Anymore coming? I think the boss man Nukie might be talked into bringing some drinkys thats if he makes it there :lol: 



Jacquie


----------



## LadyJ

Anymore???????????????? we had a smashing time last year and we had the sun  



Jacquie


----------



## Raptor107

Just booked my first motorhome rally !!  and all done online. Great that the pre-booking date was extended as my job doesnt let me know if I am working at weekends until approx 10 days before, so usually cant book in advance.
Just hope the rain keeps away as I wont be bringing my Landrover Defender !
Dave


----------



## LadyJ

Exhibitors at this event will include:
A S Bikes (A S Toys) Fuller Motorhomes Ltd Outdoor Bits
Adams Rugs & Runners Go European Motorhomes Outdoor World (North West) Ltd
All Solar / Sew N' So's Good Food Catering Pans & Co
Auto-Mate / Quantum Tuning Grove & Dean Insurance Parrotsol
Automotive Leisure Ltd Half Moon Bay (Leisure) Ltd PBR Tools
Barnes & Robinson (DPR Retail) Hammer Stahl PDS Design / Online-LEDs.com
Berkley Owls Hayes (Leisure) Ltd Peters Event Catering Ltd
Borders Leisure Horizons Leisure Vehicles Ltd Powrwheel Ltd
Brit Stops I H Motorhomes Premier Mobile Catering
Calder Leisure J P Footwear Rhyno Movers Ltd
Camp'N Shop Jacksons Satellites / TSC Rose Awnings 
Camper UK Jolly Jester Inflatables Runners Retreat
Camping & Caravanning Club K9 Gates S T T Group
Campsite Shop Leather Genie Sail & Trail Ltd
Care-A-Van LEDbulbs4U.co.uk Savaspace
Carpet Shop Leisure Power Ltd Shire Conversions
Coast Insurance Leisuretech Retail Simply Sencillo Cider
Cool My Camper Little Round Cake Company Smart Outdoors
Cotton Traders Clearance Magic Car Cleaning Co. Soldiers Off The Street
Country Seats UK Mendelssohns Timberland Motorhomes 
Countrystar Clothing Ltd MGR Retail Ltd Tow-bars 2 Tow-cars Ltd
Coventry Mobile Catering Mirror Guard Travelworld RV
Craft People 2000 Motor Caravanners Club Vac Bag Products
Cupcakes By Kay Motorhome Fun Vantage Motorhomes Ltd
Cyclo-Ssage Ltd Motorhomes & Caravans Ltd Vehicles 4 Leisure
Designs Motorplus Derby Ltd Wildax Motorhomes
DRW Electronics N T Windbreaks Wind Art Ltd
Electronics Worldwide Ltd National Trust - Attingham Park World of Motorhomes Ltd
Freedom Is Ltd Oakwell Motorhomes Zead
(all details correct at time of going to press)

Visitors to the UK Motorhome Summer Fair can also enjoy cruises on the River Severn aboard the fantastic Sabrina Boat, plus see the UK's first Owl Agility display at this show.

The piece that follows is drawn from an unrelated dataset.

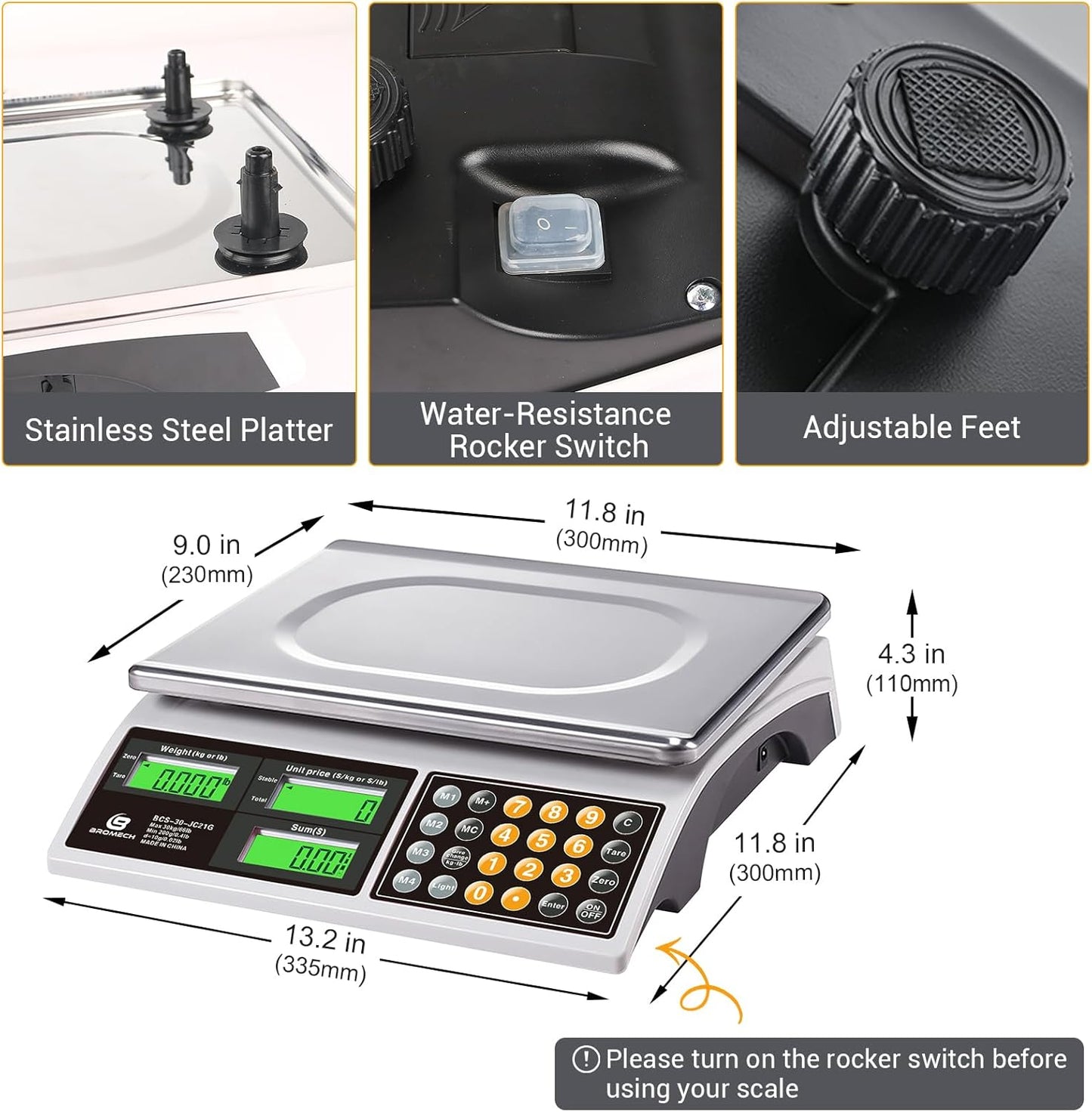 Commercial Food Scale 66lb/30kg, High Precision Digital Price Computing Scale for Farmers Marke, Deli, Dual Backlit LCD Display, Stainless Steel Platform, Rechargeable Battery for Produce Meat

Weekend Camping is priced at £40 per pitch in advance, or £50 on the day. To book online, or for more information, visit the website www.uksummerfair.co.uk or contact organisers Event Developments Ltd on 01775 723723. Weekend campers will also enjoy 2 superb open-air Summer concerts with Queen II on Friday night and a patriotic Last Night Of The Proms concert on Saturday night.


----------



## LadyJ

Raptor107 said:


> Just booked my first motorhome rally !!  and all done online. Great that the pre-booking date was extended as my job doesnt let me know if I am working at weekends until approx 10 days before, so usually cant book in advance.
> Just hope the rain keeps away as I wont be bringing my Landrover Defender !
> Dave


Well done Dave look forward to meeting you there and you won't need your Landrover more likely need oars :lol: please God we get some sun at this one :roll:

Any more coming we still have room, well thats if the river hasn't flooded yet :lol:

Jacquie


----------



## ched999uk

The show organisers have stated 'UK MOTORHOME SUMMER FAIR UNAFFECTED BY RECENT WET WEATHER' on their web site so looks like the ground is OK. There was a horse show on over the weekend and they said ground was good as well. Although I guess most of the horse set use 4x4 so not quite as much of a problem as MH.

Fingers crossed the weather will be dry at least.

See you all there.


----------



## brynric

We've just booked in, continuing our desperate attempt to go to a show where it doesn't rain. 
When is the Dubai motorhome and (camel) caravan exhibition on this year? :roll:


----------



## LadyJ

Just had this from Event

LATEST NEWS 25/06/12
UK MOTORHOME SUMMER FAIR UNAFFECTED BY RECENT WET WEATHER

The UK Motorhome Summer Fair which takes place at Shrewsbury Showground this weekend (Saturday 30th June & Sunday 1st July) has been unaffected by recent heavy rain as seen in other parts of the country.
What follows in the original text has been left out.